If his obituaries are any indication, Charlton Heston will be remembered for two things: starring in lavish biblical epics like “The Ten Commandments” and “Ben-Hur,” and his Second Amendment activism.
Heston died Saturday at age 84, less than six years after he announced that he had been diagnosed with symptoms of Alzheimer’s disease.
Just about every report of Heston’s death focuses on the late actor’s conservative politics — a rarity in Hollywood — and, in particular, his longtime support of an individual’s right to own firearms, which culminated in his becoming president of the National Rifle Association in 1998.
Less attention is given to Heston’s starring roles in a trio of apocalyptic science-fiction films.
Irving Kristol, the founder of American neoconservatism, once described a neoconservative as “a liberal who has been mugged by reality.” That was his bumper-sticker explanation for why he and some of his fellow leftists moved right during the 1960s.
Heston’s movie characters during the same period can be described as conservatives who have been mugged by the future.
Beginning in the late 1960s, Heston starred in “Planet of the Apes” (1968), “The Omega Man” (1971) and “Soylent Green” (1973).

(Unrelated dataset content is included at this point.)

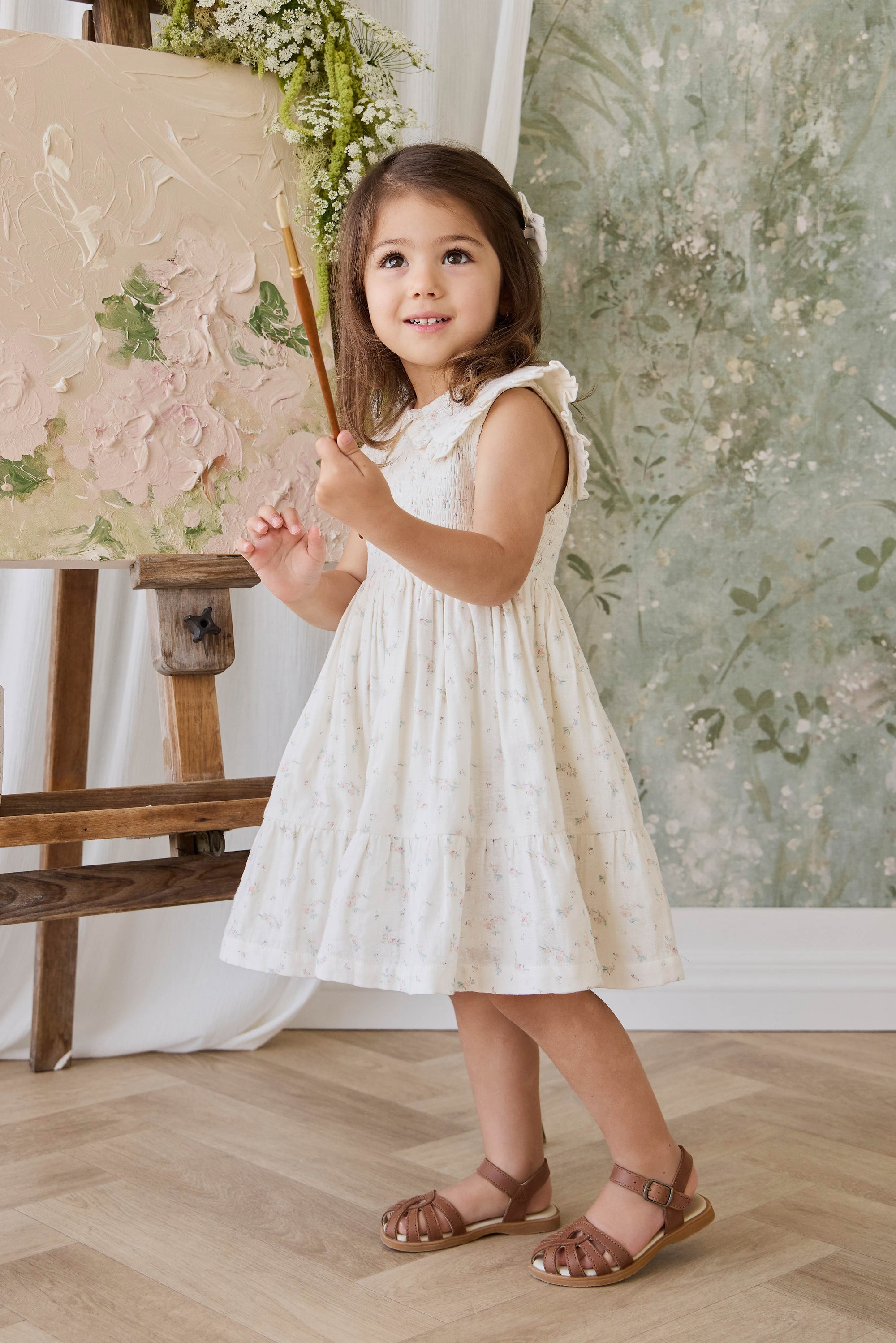 Vestido Orgánico de Muselina Floral Solange Snow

Each, in its own way, reflects the anxieties of American society during the Vietnam era, and depicts a world in which humanity is no longer at the top of the food chain.
Heston’s characters are cynical and world-weary. Sometimes they’re downright misanthropic, as in “Planet of the Apes,” when Heston’s wayward astronaut, Taylor, says he left Earth because somewhere in the universe there has to be something better than man.

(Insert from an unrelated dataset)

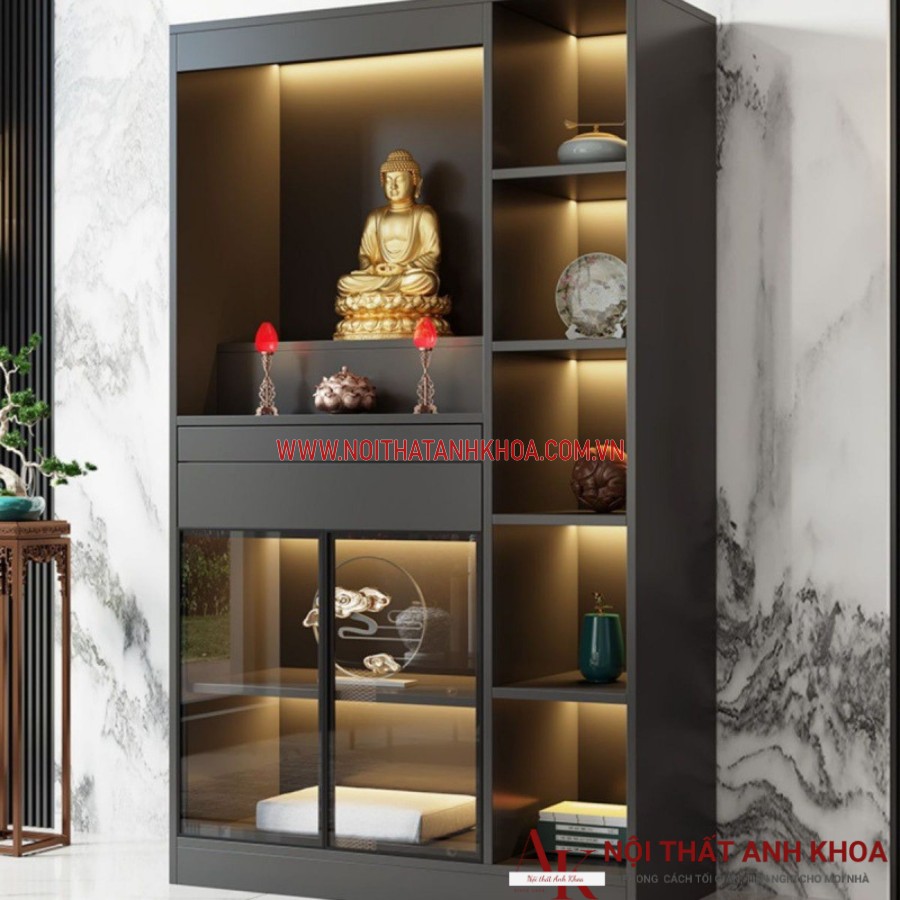 Tủ thờ cánh kính gỗ công nghiệp MDF Tủ thờ cánh kính gỗ công nghiệp MDF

How are Heston’s characters in these films conservatives? Consider what each represents. Although he doesn’t know it at first, Taylor represents the past. He’s a human trapped in a future where humanity has literally bombed itself back to the Stone Age, only to be replaced as Earth’s dominant species by apes. Evolution takes no prisoners, even if, fortunately for Taylor, the apes do.
Still, there is one way in which the apes reaffirm Taylor’s cynical brand of conservatism: They’re no better than men. They have the same class divisions and prejudices. If Taylor is a conservative, he is a conservative in the mode of the late political theorist Russell Kirk, for whom progress was just an illusion. The apes prove him right.

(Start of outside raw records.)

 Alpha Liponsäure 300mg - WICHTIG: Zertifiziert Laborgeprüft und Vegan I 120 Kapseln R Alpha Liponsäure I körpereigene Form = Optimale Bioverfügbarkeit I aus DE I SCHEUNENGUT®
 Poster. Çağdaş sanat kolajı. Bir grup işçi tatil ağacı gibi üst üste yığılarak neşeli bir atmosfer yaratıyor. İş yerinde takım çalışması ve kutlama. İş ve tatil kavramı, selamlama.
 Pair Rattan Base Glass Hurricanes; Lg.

“The Omega Man” was Hollywood’s second attempt to film Richard Matheson’s novel “I Am Legend,” the most recent version of which, starring Will Smith, came out last year.
In “The Omega Man,” Heston’s Robert Neville is the last man on Earth, and the embodiment of an industrial society that destroyed itself through biological warfare. Unlike the vampiric, mutated survivors of the plague, Neville still uses technology. He drives a car and uses electricity. The mutants, however, blame technology for humanity’s downfall and have embraced primitivism. Neville isn’t just the last man, he’s the last remnant of civilization in a world that blames civilization for everything that has gone wrong. The parallel between Neville vs. the mutants on the one hand and the political establishment vs. the 1960s counterculture on the other is inescapable.
Set in the year 2022, when overpopulation has led to food shortages and the threat of mass starvation, “Soylent Green” stars Heston as New York City police Detective Robert Thorn, whose murder investigation uncovers a far more sinister conspiracy. I hate to give away the ending, but this movie did come out 35 years ago. Thorn learns that soylent green, the processed food ration that feeds the masses, is made of people.
In “Soylent Green,” Heston is part of the establishment but finds himself pitted against it. You can’t trust “the man” even when you are “the man.”
During the midpoint of his acting career, Heston was a lonely Hollywood conservative playing establishment/conservative characters in films in which the characters’ conservatism becomes their undoing.
I wonder if he was aware of the irony.